My first-grade teacher was Mrs. Murphy. I loved her, and she loved me. She must have retired after my class because I do not remember seeing her in my second-grade year. I remember begging my mom for a few dollars one Christmas so that I could buy Mrs. Murphy some perfume. I knew Mrs. Murphy would like it because my mom had gotten some for my grandmother for her birthday, and she loved it.

There are some things about Mrs. Murphy I will never forget. Her sweet demeanor, her kind eyes, her loving smile. I also remember, to this day, how she made me feel. At any moment of the day, if I choose, I can be transported back to those days when Mrs. Murphy filled the classroom with her signature brand of warmth and acceptance.

I recently asked my mom why I loved Mrs. Murphy so much. She did not hesitate to answer that it must have been because Mrs. Murphy had taught me to read and write. In so doing, she had opened an entire world for me. I asked Mom why I didn’t know how to read prior to the first grade, and she told me that I mixed my words up and wrote everything backward. Dyslexia, I wondered. But my mother insisted that I was just tangled up and struggled to put the words in order. But Mrs. Murphy made it her personal responsibility to help me get it all straight. She tutored me after school every day for a year!

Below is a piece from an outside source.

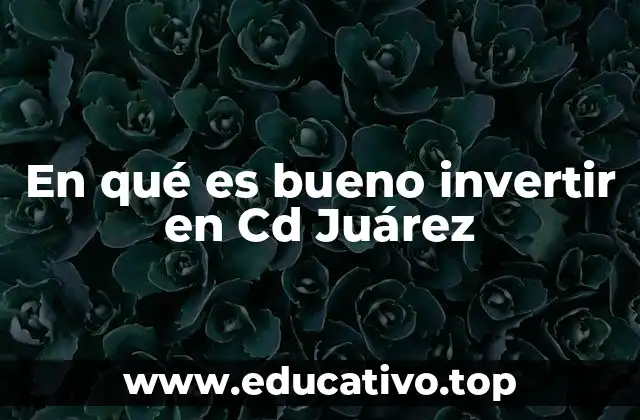 En qué es bueno invertir en Cd Juárez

I know that Mrs. Murphy was very proud of me when I passed the 1st grade. It was as if she had invested all the knowledge from her 40-year teaching career in my success, and she beamed at the outcome when I thrived. My mom actually kept in contact with her, so I am aware that Mrs. Murphy knew when I was commissioned as a Second Lieutenant. I know now, even as I intuitively knew as a child, that Mrs. Murphy’s vision was to ensure that no child was left behind, even if it took more time than she was required to invest. She was never paid for the extra help she gave me. She wanted to ensure I succeeded; that was all the thanks she needed.

She had a simple and actionable vision, which she backed up with her time and effort.

My vision for my team has likewise been simple. Currently, it is “Excellence Starts Now.” The onus for the vision is on me, but it offers a torchlight for Associates that is beyond metrics and the banality of restating everyday tasks.

I am happy to say that both the Army and Amazon have not lost their vision, which is why I was ultimately attracted to both. Vision is essential to the culture of any company or organization. So, as you embark on putting your stamp on your organization, remember that your vision has to resonate with your team. What you believe the vision to be is of little to no consequence. What principally matters is what your team believes or perceives your vision to be. Your every goal has to be the reinforcement and validation of the tenets that align with the organizational objectives and conditions that support the adoption of and belief in your vision.

Whether it is the feeling of being loved and supported in your humble childhood home or the feeling of completing work-related objectives, it all starts with someone’s vision. For me, life’s trajectory was altered for the better because a teacher gave me the confidence to overcome educational shortfalls.

If you are bolstered to believe that you can accomplish missions, large or small, just from the support given to you by a trusted leader, congratulations. You have been blessed to meet a visionary. Visions exist only in the hearts and minds of those they are meant to influence. Keep it short, ensure it is memorable, and the meaningfulness will be evidenced by your organization’s willing adoption and belief in it.